Net Neutrality, in a Nutshell, Is a Nondiscrimination Law
I spoke yesterday to Net Neutrality advocates and supporters who are wondering how the current legal battle over the FCC’s open-internet rules fits into the history of this issue. Here’s what I told them in what they billed as a five-minute “lightning talk” on the topic.
Whatever your background or connection to Net Neutrality, you probably heard a lot more about it last week, when even through the rush of holiday travel the issue broke through into “old” media channels, social media and Thanksgiving dinner conversations.
All of this was sparked by the news that Trump’s FCC chairman, Ajit Pai, plans to undo the Net Neutrality rules set in place in 2015 during the Obama administration.
So in this lightning-round discussion, I’ll talk about what Net Neutrality is and its legal history before launching into the important question of where we go from here.
Free Press and Free Press Action Fund, with our allies, are fighting back in the courts, in Congress and in the streets. We’re seeing nationwide protests to stop Pai’s plan, and we will sue the FCC if the rules are overturned. But what exactly are we fighting for?
At risk of switching forces of nature in a lightning talk, I’ll talk about gravity instead of lightning.
My wife is a kids’ musician who sings fun songs about science. One of her lyrics says “Gravity is not just a good idea, it’s the law!”
That’s what Net Neutrality is: not a law of nature, but also not simply a good idea. This longstanding law has changed forms and evolved over time, but it’s been with us as long as we’ve had communications networks.
Our laws have always said that two-way communications networks must be nondiscriminatory. And as former FCC Chairman Tom Wheeler came to understand in 2015 after a lot of good advocacy from people like you, the communications rights the law grants do not and should not change even as the technology advances and evolves.
So that’s Net Neutrality in a nutshell. It’s a nondiscrimination law.
Just as your phone company can’t tell you who to talk to or what to say on the phone, your internet access provider can’t dictate what you say or see over your internet connection.
Legal battles have swirled around this issue for decades now over both the wisdom of FCC rules safeguarding these rights and the legal underpinning for them.
The Communications Act establishes the FCC’s mandates, and it classifies communications services in a few different categories.
Among those classifications are “information services” — things like websites, apps or other kinds of content you access online; and “telecommunications services” — the services that transmit information for you.
Let’s think of phones again for a second: Your voice is the information transmitted, and the telephone service is what transmits it. Telecom services that transmit our information are governed by Title II of the Communications Act.

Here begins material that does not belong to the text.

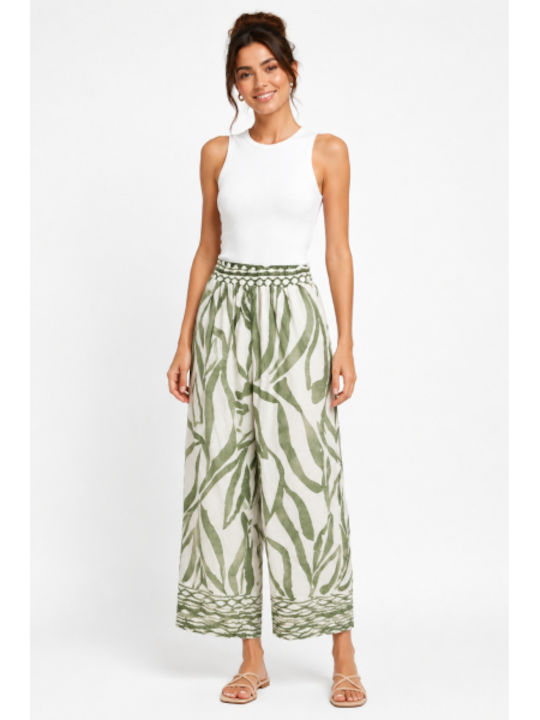 Дамски Лени Широки Панталони с Регулярна Кройка Зелени SS-FY9220-1-26TR-ПРАС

Beginning in the George W. Bush administration, in a misguided attempt to more or less completely deregulate broadband, the FCC started to tinker with those classifications. It said broadband wasn’t a telecom service but was in fact so “inextricably” bound up with internet information that broadband was also an “information service”.
The Bush FCC said that broadband providers like Comcast, websites like YouTube and apps like Twitter all fit into the same category under the law.
Having reached that decision, the Bush FCC and the first FCC chairman in the Obama administration, Julius Genachowski, still tried to retain nondiscrimination (i.e., Net Neutrality) principles for internet access service.
That approach didn’t stand up in court. The FCC said it could prevent things like blocking, internet-traffic throttling, paid prioritization, and discrimination by broadband providers — but it did so without treating those companies as telecom service providers, or what the law calls “common carriers” under Title II.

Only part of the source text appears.